The band gap in a photonic crystal is caused by a periodic variation in the refractive index of an artificially structured material. In a phononic crystal the density and/or elastic constants of the structure change periodically. This changes the speed of sound in the crystal, which, in turn, leads to the formation of a phononic band gap.

But why mention waves at all when talking about random atomic motions? The reason is that the atoms in a solid cannot move independently of each other because they are connected by chemical bonds. When an atom is displaced from its equilibrium position, it exerts a force on its neighbours, which causes them to move. These atoms then cause their neighbours to move, and the end result is the creation of a “phonon” – a special wave of lattice distortion that propagates through the solid.

Where do band gaps come from?

Acoustic waves differ from light waves in several ways. Acoustic waves are mechanical, which means that they cannot travel through a vacuum, whereas light waves are electromagnetic and can travel through a vacuum. In general, mechanical waves passing through a gas or a liquid are known as acoustic waves, while those passing through a solid are called elastic waves.

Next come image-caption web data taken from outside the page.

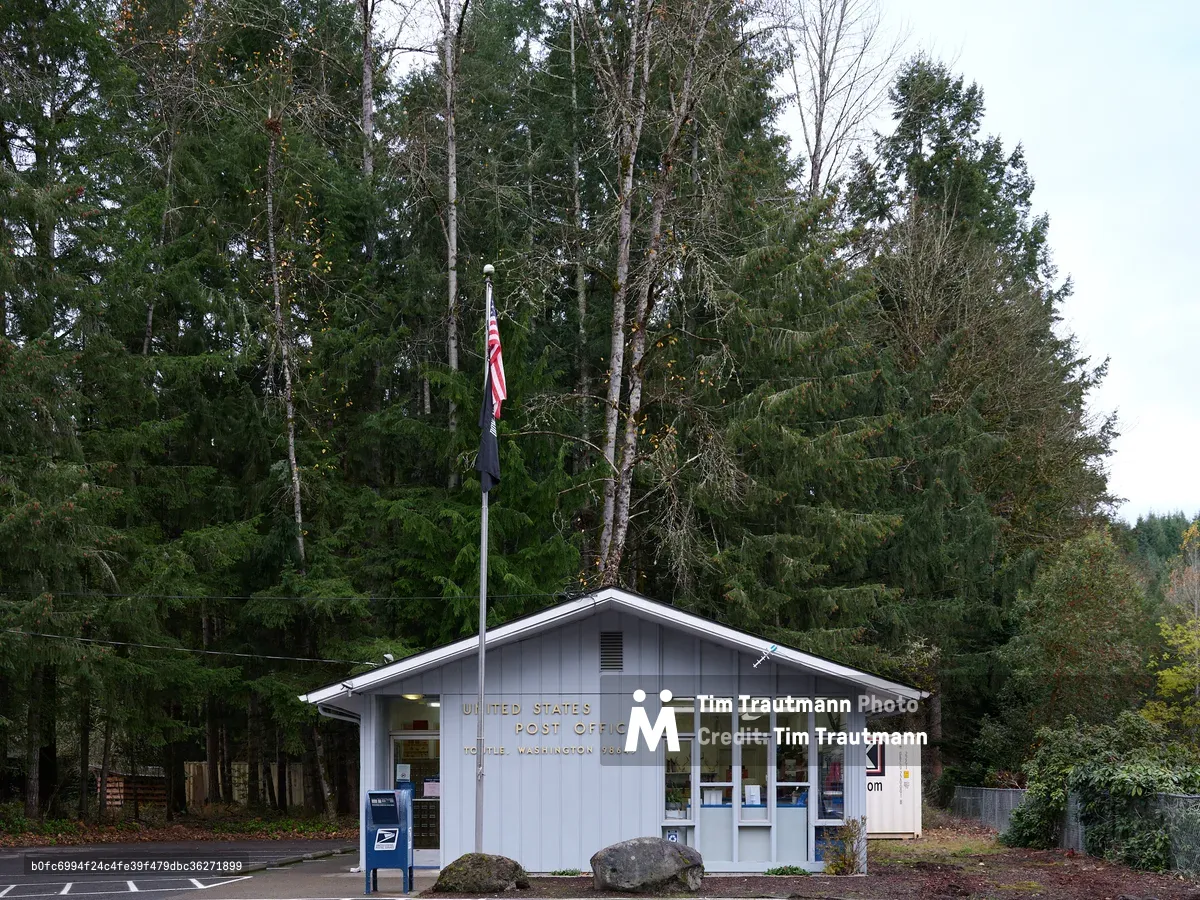A modest white postal facility stands sentinel beneath towering evergreens along Washington's Spirit Lake Highway, its simple gabled architecture dwarfed by the dense coniferous canopy. The American flag hangs solemnly from a tall pole, while the overcast sky creates a muted, contemplative atmosphere typical of the Cascade foothills. Weathered boulders anchor the building's landscaping, and the facility's essential role as a community hub is evident in its tidy, functional design against the wild forest backdrop.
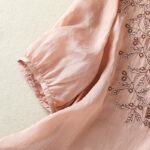 Buddha Stones Embroidered Lace Casual Women's Cotton Linen Half Sleeve T-shirt - image 28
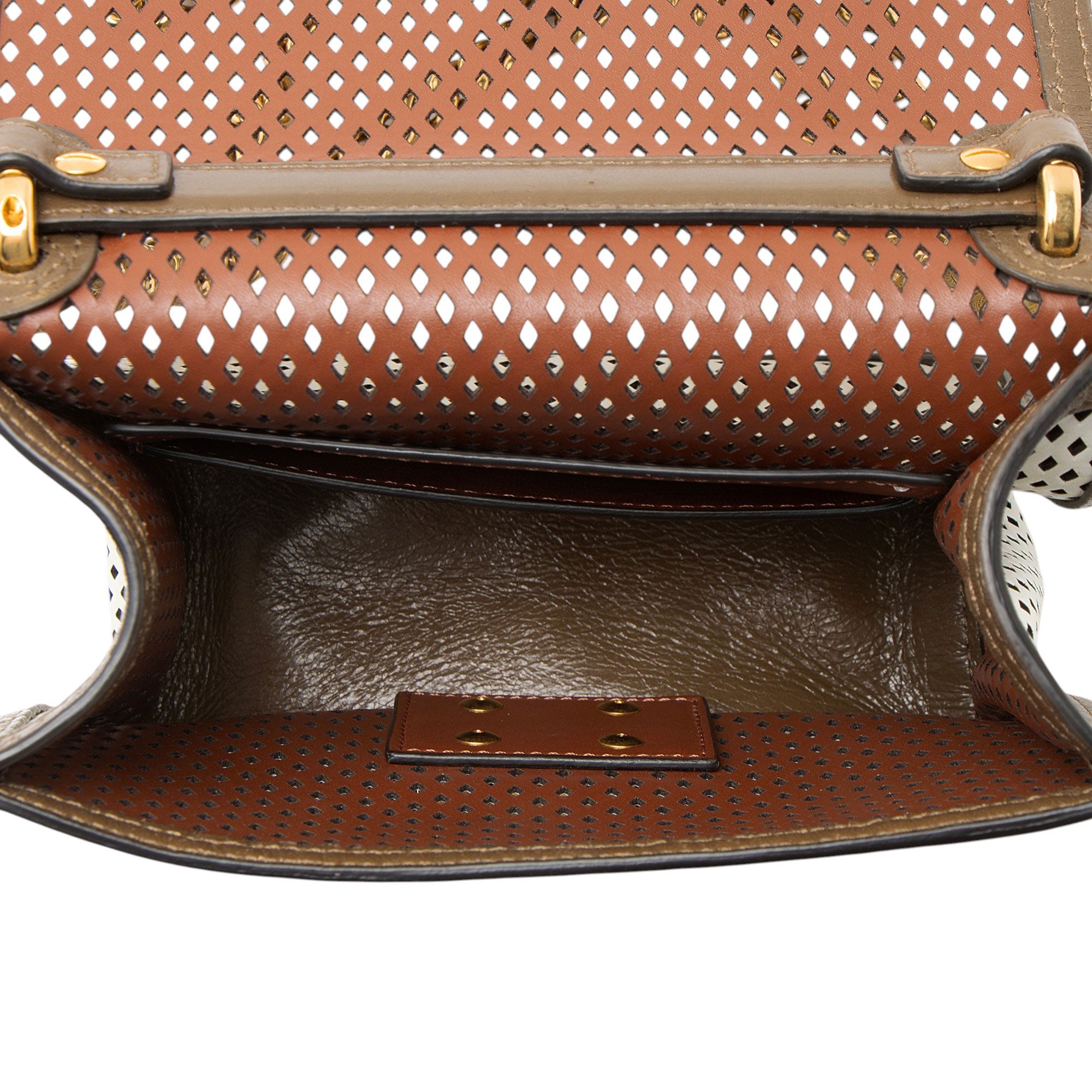 Fendi Perforated Leather Kan U Small Shoulder Bag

There are other important differences between mechanical and electromagnetic waves. Whereas a light wave can have two independent polarizations, an elastic wave in a homogeneous solid has three independent polarizations: two of these are transverse (shear waves) and one is longitudinal (a compression wave). However, since shear waves are not supported in liquids and gases, an acoustic wave has just one longitudinal polarization.

The propagation of mechanical waves in a medium is usually described by a dispersion relation that relates the frequency, w, and wave vector, k, of the propagating wave. The dispersion relation for waves travelling in a homogeneous medium is very simple: ω =c • k, where c is the velocity of sound in the medium. However, the dispersion relations for materials that are not homogeneous – such as phononic crystals (figure 1) – are more complicated.

But why are certain waves not allowed to propagate in phononic crystals? To get an intuitive understanding of how band gaps form, consider a 1D crystal composed of alternating layers of two different materials. At every interface an incoming wave transfers part of its energy into secondary, reflected waves, which then interfere with each other.

If this interference is constructive, all the energy of the original wave is reflected back and the wave cannot propagate through the crystal. On the other hand, if the interference is destructive, then all energy of the original wave is transmitted through the crystal. Therefore, constructive interference of the secondary waves results in the creation of a band gap, while destructive interference leads to the formation of propagation bands.

The condition for constructive interference is simply that the path differences between the interfering waves must be equal to an integer multiple of their wavelength, λ. Since the path difference is determined by the lattice parameter of the crystal, a, it is easy to see that constructive interference occurs when the lattice parameter is comparable to the wavelength. And since frequency is inversely proportional to wavelength, the frequency at the centre of the band gap, wg, is also inversely proportional to the lattice parameter: ω_g ∼ 1⁄λ ∼ 1⁄a. As a result, we can create a band gap at any frequency or wavelength we choose by simply changing the size of the unit cell. The width of the band gap is directly related to the ratio of the densities and sound velocities in the different layers: the larger the ratio, the wider the gap.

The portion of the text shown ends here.